Moving out puts things into perspective. It isn't just getting your own place, it isn't just moving out of your parents place, It's you getting complete control over your choices. I thought I had freedom before, I could go to a friends and smoke pot, I could buy an Xbox with my own money. That was partial freedom. My parents are pretty cool. Yesterday they found a small bag of pot in my pants pocket. My mom mentioned it to at dinner and my dad just shrugged it off. We had a discussion about how I heat sealed the cellophane and if it would still be good if it went through the wash. I don't think they'll smoke it.
Friends and sisters have moved out before me and it didn't really hit me at first what was happening. I was only 9 when my first sister moved out. I was just happy she wasn't hogging the bathroom anymore. Then my younger sister moved out and I really started to feel something missing. Things had slowed down around the house, I was just Mom, Dad and I. The house seemed empty. People bring people and when they leave so do their friends.
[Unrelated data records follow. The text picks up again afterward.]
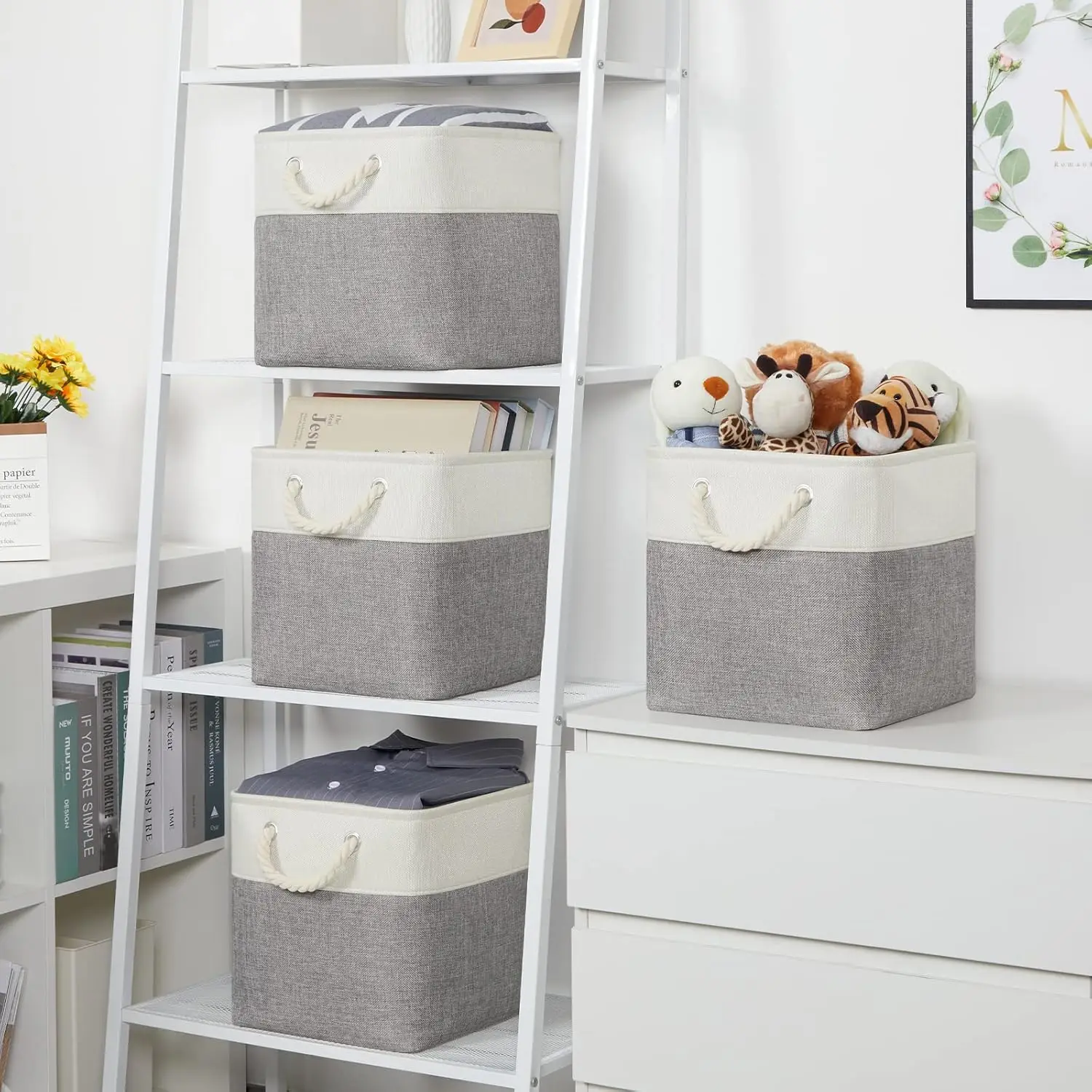 Würfel-Aufbewahrungsbehälter, 11 x 11, Stoff-Aufbewahrungskörbe, Aufbewahrungswürfel, Körbe für Geschenk, leer, Würfel-Organizer, Behälter, Stoffkorb Image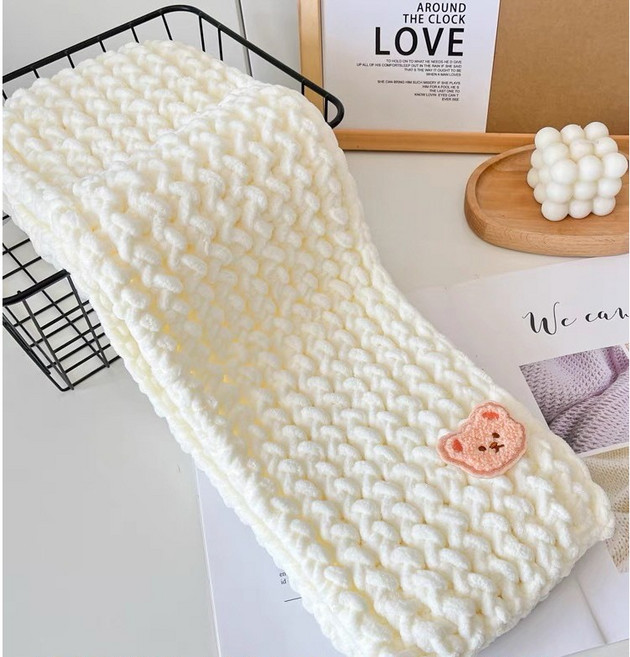 살림똑띠 목도리 뜨개질 세트 DIY, 아이보리, 1개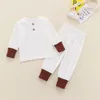 Kids Pajamas Sets Ribbed Clothing Suits Solid Long Sleeve Top + Pants 2Pcs/Set Children Boys And Girls Soft Cotton Home Outfits M4041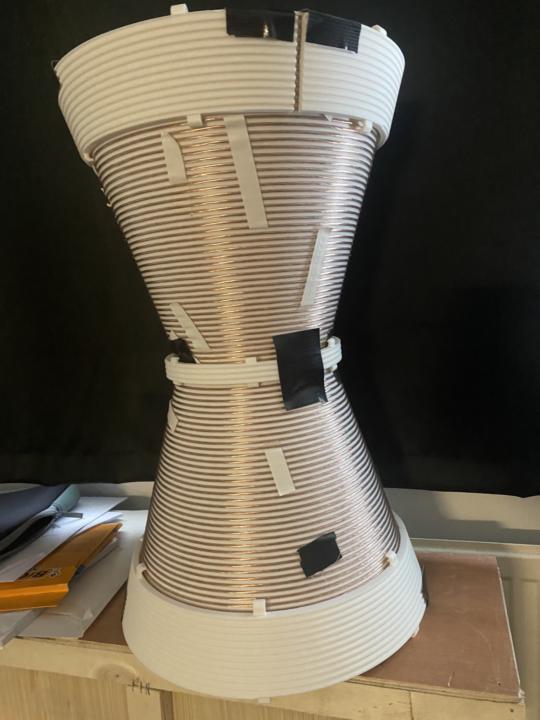 Things are in motion. The ST antenna coil has been wound and primary coil holder and two collector coil holders have been attached. Next step is to put the three coils in place and start tuning circuitry.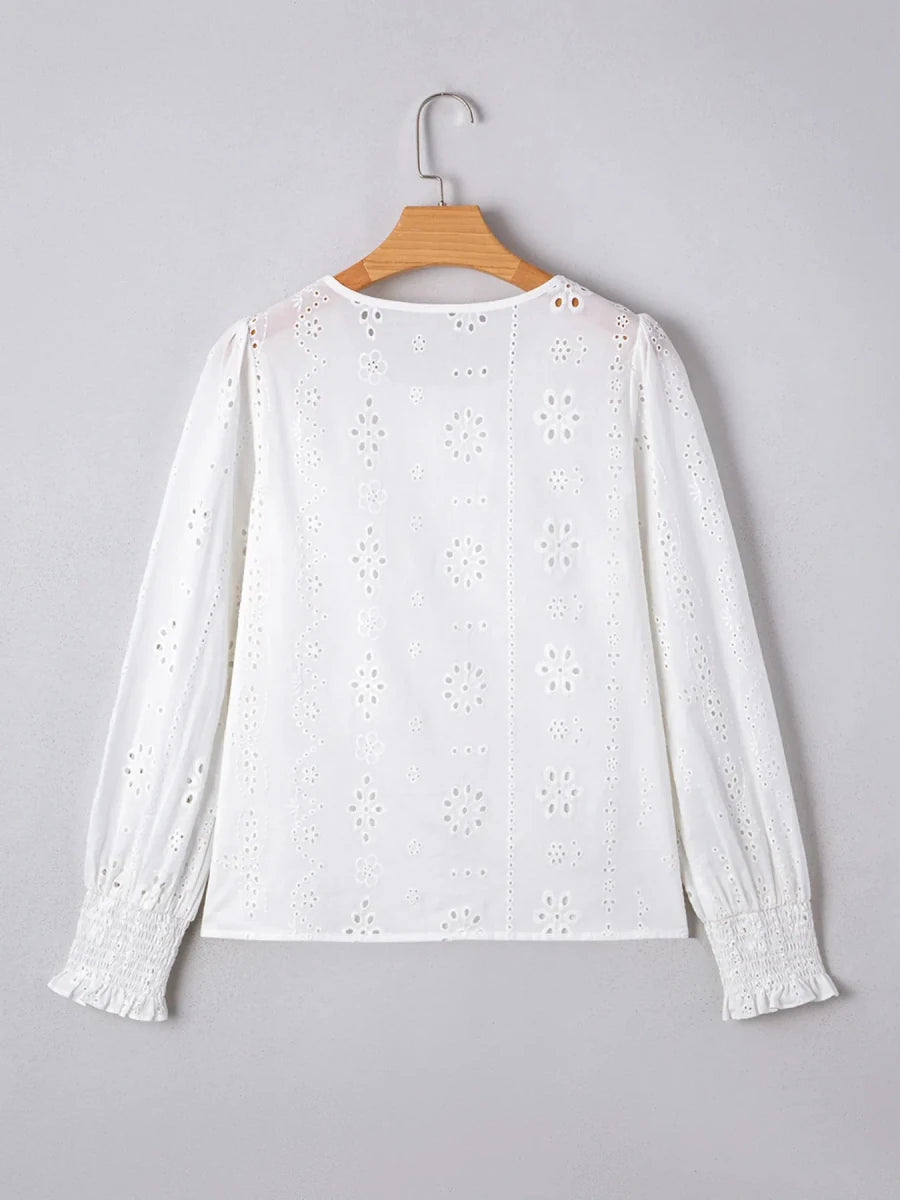 Pointelle Embroidered Blouse - Brick + Boho
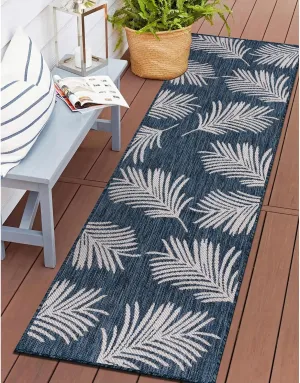 Rugshop Contemporary Palm Leaves Textured Flat Weave Easy-to-Clean Outdoor Rugs for Deck,Patio,Backyard Indoor/Outdoor Runner Rug 2' x 7' Navy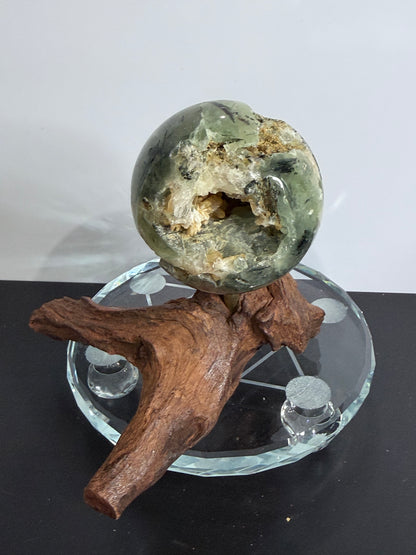 Prehnite with Epidote & Calcite Crystal Cave Sphere C - 5.7cm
Growing up things change but only a little bit at a time and it creeps up on you. One day your parents are covering your eyes to the sex scene on TV then a few years later you're gettting the talk. Add in a few years and you're making sex jokes. Change is evolving us constantly. It happens to us whether we like it or not. Little changes over time happen, and you're still the same person just with more experience about how much you can drink or what kind of clothes you wear. Then one day you look in the mirror and it's not you looking back. You know who you are, but who's looking back isn't the one that you see inside yourself. Tension builds up in the gears of your self image and eventually a gear will slip. You still see the nerdy kid in middle school who couldn't hold eye contact and got straight A's without trying. Sometimes you don't like what you've become.
Moving out means there is no familiar smell when you come home anymore, no more smell of food being made, no more old people smell down the end of the hallway. You stop having an active role and become merely a part of their lives. Sure you might come down for weekends every once in a while or see them on holidays but for the most part you have left them. That is true freedom and it is bittersweet.